Statistical Design of Experiments

Experiments are frequently performed to assess the effects of inputs, operating conditions, and changes in the process on the outputs. For example, the effects of variations in fermentation temperature, air flow rate, or strain type used on the attributes of a product would provide valuable information for optimizing productivity. Experiments are costly since they consume time and raw materials. Properly planned experiments minimize unnecessary duplications, generate more information with fewer experiments, and reduce the effects of measurement noise on data used for analysis. Statistically designed experiments provide unambiguous results at a minimum cost and provide information about interactions among variables [213]. An experiment is a means for drawing inferences about the real world and care must be exercised to define the scope of the experiment broad enough to include all conditions that the experimenter wishes to consider.
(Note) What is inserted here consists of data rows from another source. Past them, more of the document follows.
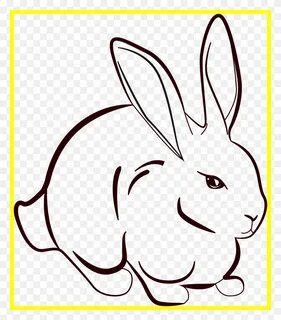 Удивительный Кролик Lineart Изображение Для Рисования Линий 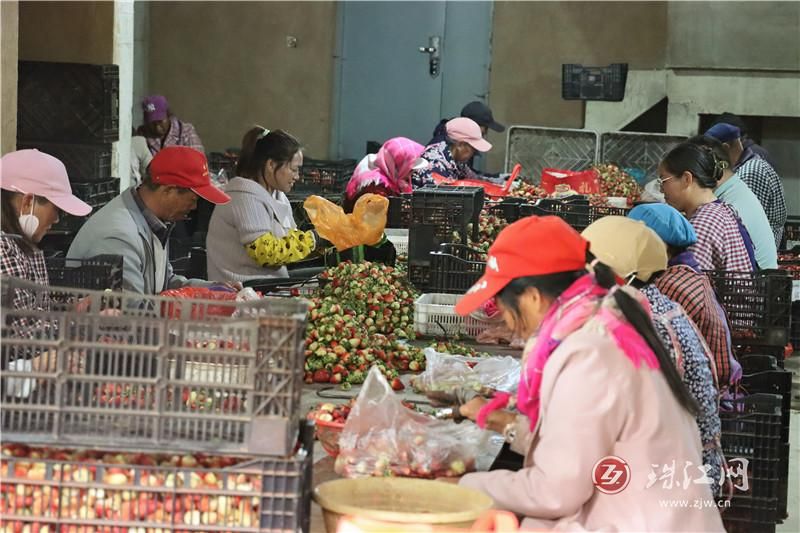 会泽钟屏街道：草莓分拣进社区 群众家门口..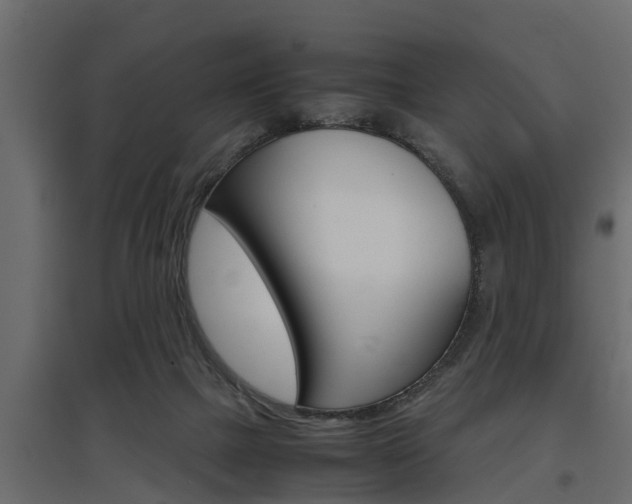 X0000097760073200803070846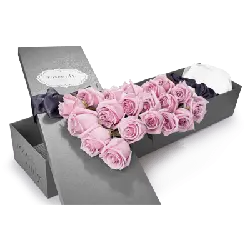 Pink Rose Box - flowers - No Background PNG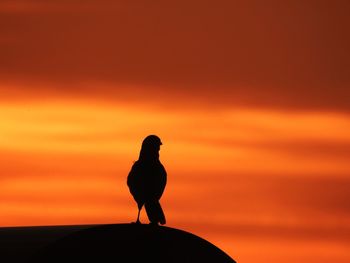 Silhouette of bird perching on orange sunset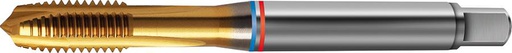 MACHO ROSCAR A MAQUINA TANDEM DIN371 HSS-PM TIN TIPO N 6H FORMA B FORMAT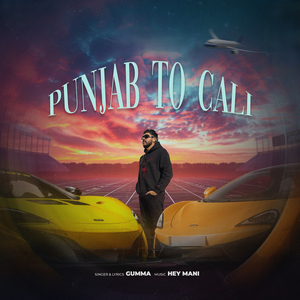 Punjab to Cali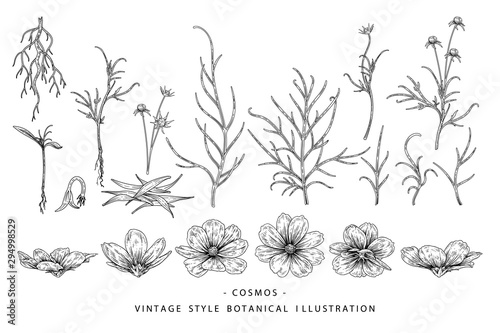 Sketch Floral Botany Collection. Cosmos flower, Seed and Leaf drawings. Black and white with line art on white backgrounds. Hand Drawn Botanical Illustrations.Nature Vector.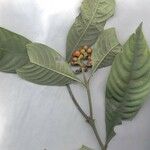 Psychotria racemosa Arall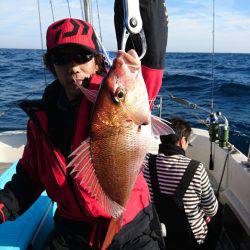 ARCADIAⅡ （アルカディアⅡ） 釣果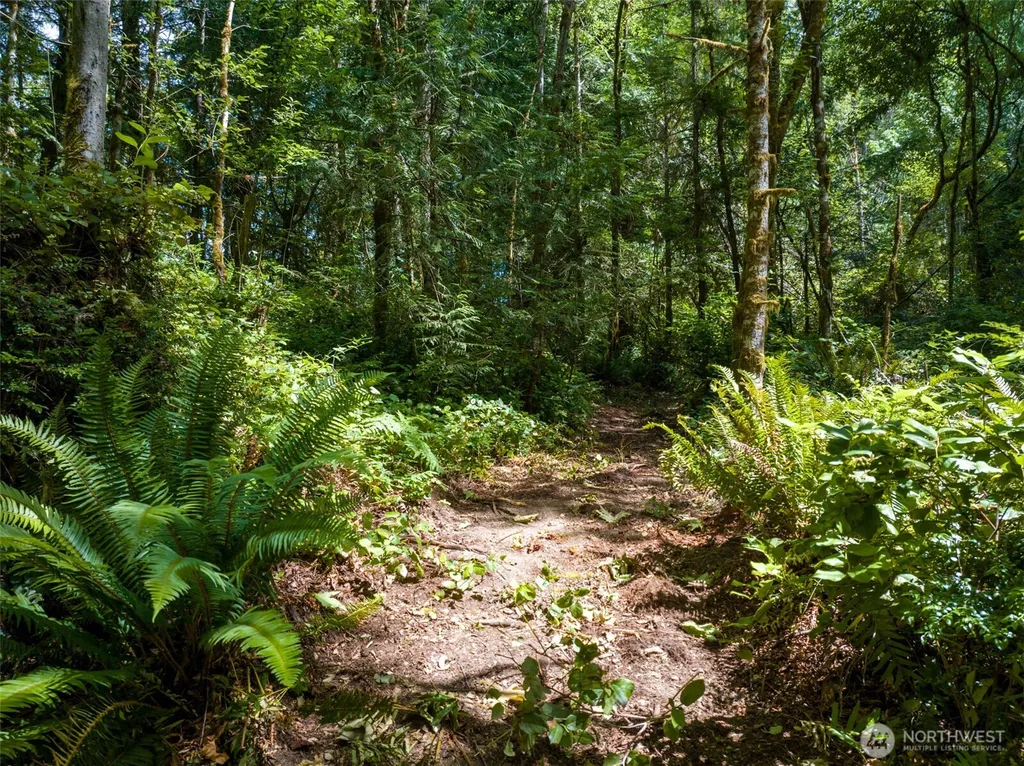 0 Bucsit Lot A Bainbridge Island WA 98110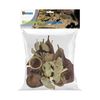 Superfish Biotope Set Asia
Most technical personnel focus on generating information from data, an activity that is called statistical analysis. However, equal attention should be given to generate informative data. The process of planning the experiments to generate the maximum amount of information with the minimum number of experiments is called statistical design of experiments (DOE). The objectives of DOE can be:

• To compare a set of treatments to determine whether their effects differ on some response (output) of interest

• To establish cause and effect relationships between outputs (responses, dependent variables) and inputs (factors, independent variables)

• To identify the most important inputs

• To identify interactions between inputs

• To identify improved settings for inputs to optimize the outputs

• To estimate empirical relationships between inputs and outputs.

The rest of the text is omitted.